Ha Lachma Anya is essentially the "Story of the Matzah". Told in Aramaic, once the everyday language of the Jews, this story has three parts: a memory, an action and a hope.

First we point out the Matzah, the bread of poverty we ate in Egypt. Then, remembering our poverty in the past, we invite all needy persons to join our table tonight. Finally, we express the hope that while this year human beings are still enslaved in many way, often lacking a home for themselves, next year we will all be free people, in our own personal and national home. (A Night to Remember: The Haggadah of Contemporary Voices, Mishael Zion and Noam Zion, p.20)

“Know from whence you came. If you know whence you came, there are absolutely no limitations to where you can go.” (James Baldwin)

"I don't think you can be fully a member of the Jewish people and, creatively, a member of humanity, without knowing who you yourself are. The only way you achieve a deep sense of self is to know your own beginnings." (Rabbi Chaim Potok, American novelist and scholar)

MAGGID By Marge Piercy

The courage to let go of the door, the handle.

The courage to shed the familiar walls whose very

stains and leaks are comfortable as the little moles

of the upper arm; stains that recall a feast,

a child’s naughtiness, a loud battering storm

that slapped the roof hard, pouring through.

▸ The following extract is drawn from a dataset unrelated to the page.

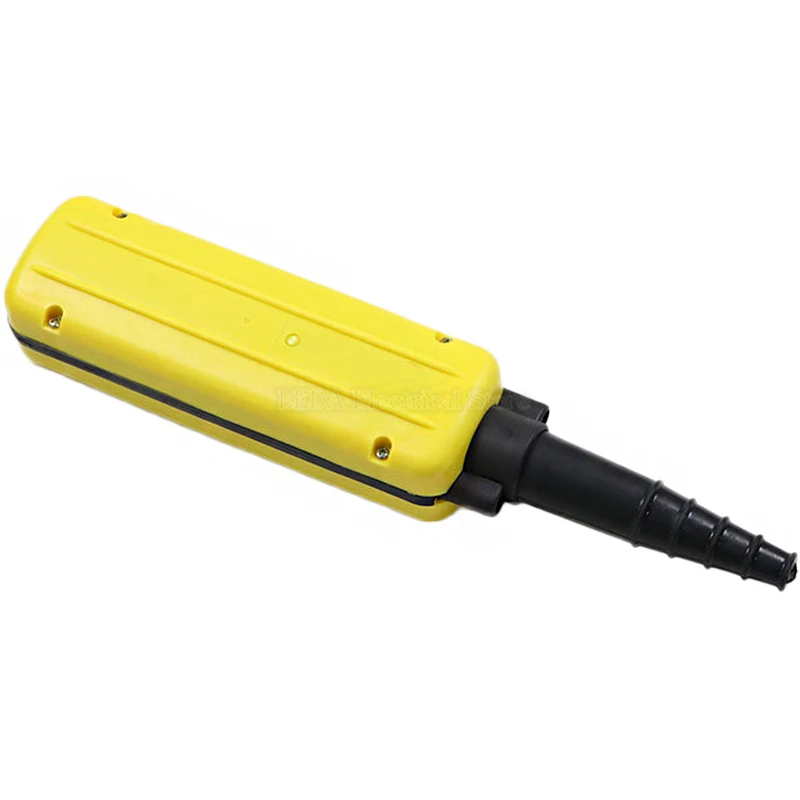 1 шт. задняя подвеска с 4 кнопками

The courage to abandon the graves dug into the hill,

the small bones of children and the brittle bones

of the old whose marrow hunger had stolen;

the courage to desert the tree planted and only

begun to bear; the riverside where promises were

shaped; the street where their empty pots were broken.

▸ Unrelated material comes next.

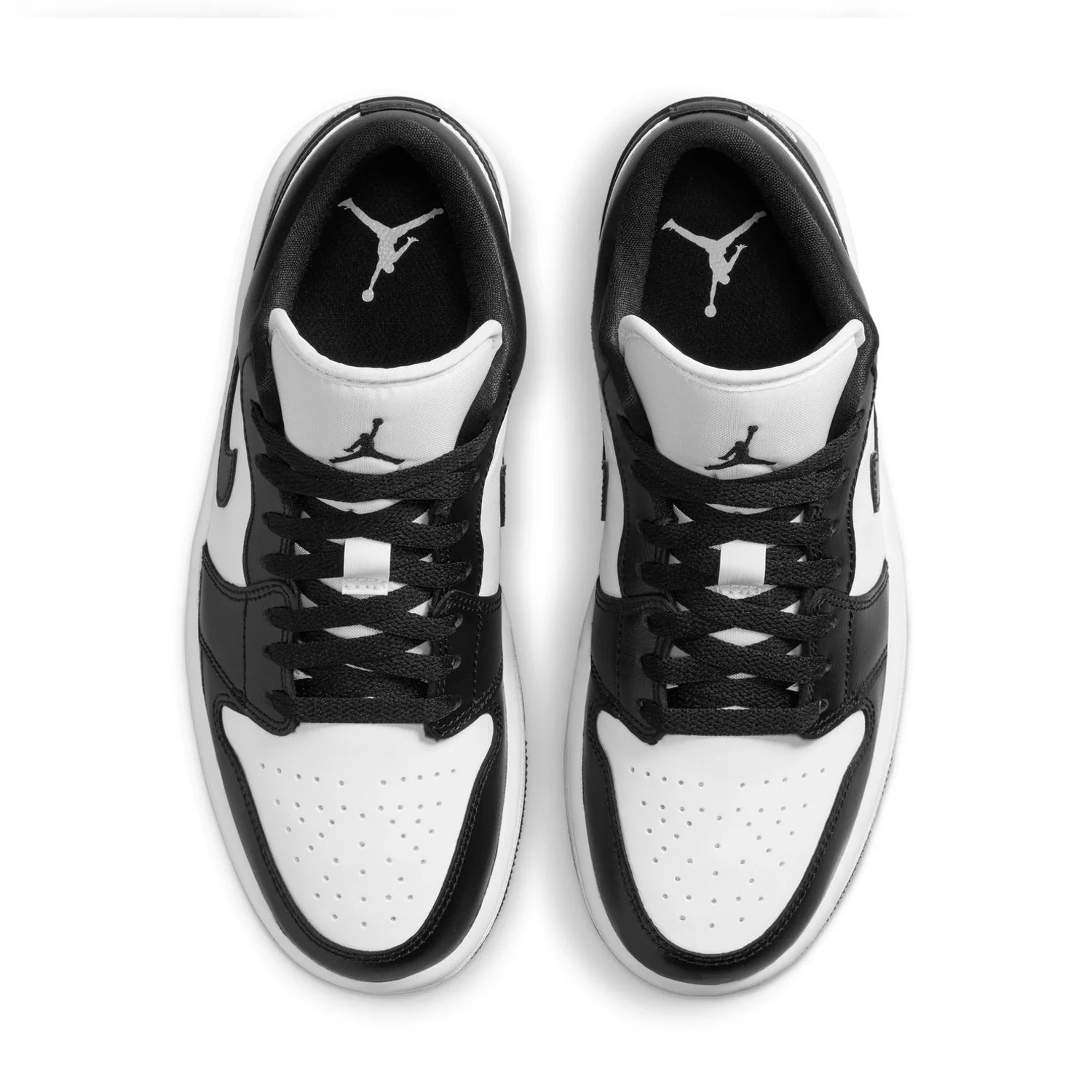 AJ 1 Low - Womens - Image 3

The courage to leave the place whose language you learned

as early as your own, whose customs however dan-

gerous or demeaning, bind you like a halter

you have learned to pull inside, to move your load;

the land fertile with the blood spilled on it;

the roads mapped and annotated for survival.

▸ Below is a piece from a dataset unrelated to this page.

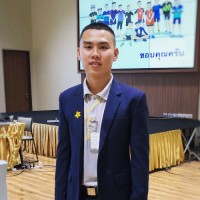 Phanudet Yisaraphat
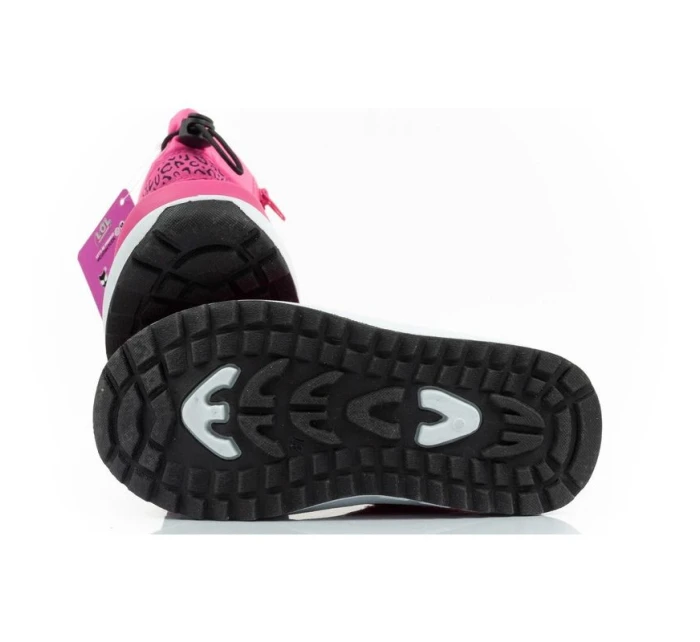 Buty  Jr model 20772188 - Inny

The courage to walk out of the pain that is known

into the pain that cannot be imagined,

mapless, walking into the wilderness, going

barefoot with a canteen into the desert;

stuffed in the stinking hold of a rotting ship

sailing off the map into dragons’ mouths.

Cathay, India, Siberia, goldeneh medina,

leaving bodies by the way like abandoned treasure.

So they walked out of Egypt. So they bribed their way

out of Russia under loads of straw; so they steamed

out of the bloody smoking charnelhouse of Europe

on overloaded freighters forbidden all ports—

out of pain into death or freedom or a different

painful dignity, into squalor and politics.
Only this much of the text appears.